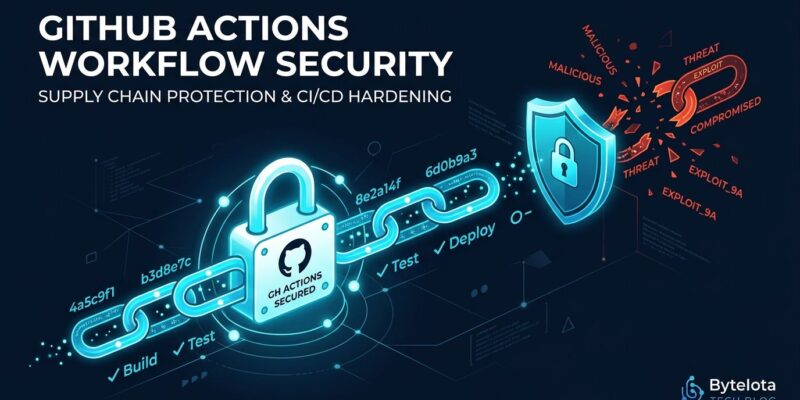 GitHub Actions workflow lockfile securing CI/CD pipeline against supply chain attacks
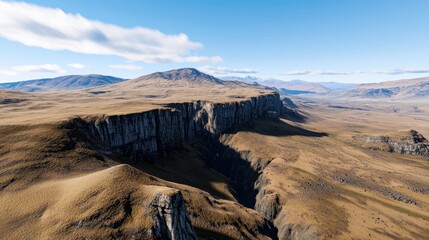 Fototapeta premium Arid Mountain Valley Landscape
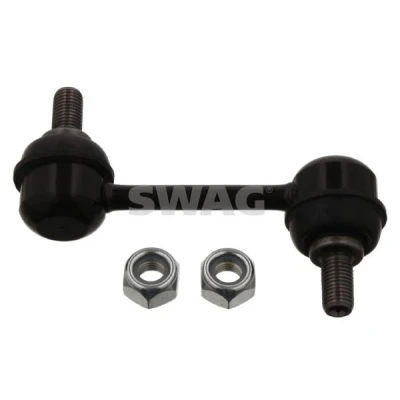 Imagen de SWAG 83 93 3914 Bieleta de suspensión Eje trasero izquierda, trasero, derecha 85 M10 x 1,25 con tuerca autofijadora Acero plateado MAZDA: MX 5 3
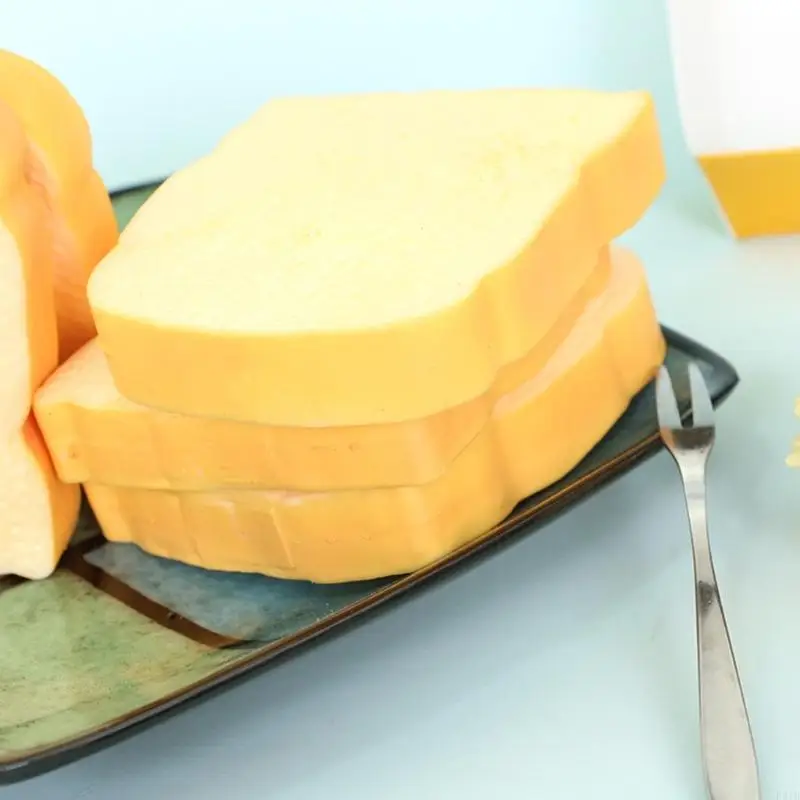 Torrada lenta Squeeze Squeeze Hamburger Biscoito Alívio do estresse para adultos e crianças P31B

WHAT IS BEING ASKED
Leaving out the pictures, output each line above exactly as it is.

ANSWER BOX
 GitHub Actions workflow lockfile securing CI/CD pipeline against supply chain attacks
 Fototapeta premium Arid Mountain Valley Landscape
 Imagen de SWAG 83 93 3914 Bieleta de suspensión Eje trasero izquierda, trasero, derecha 85 M10 x 1,25 con tuerca autofijadora Acero plateado MAZDA: MX 5 3
 Torrada lenta Squeeze Squeeze Hamburger Biscoito Alívio do estresse para adultos e crianças P31B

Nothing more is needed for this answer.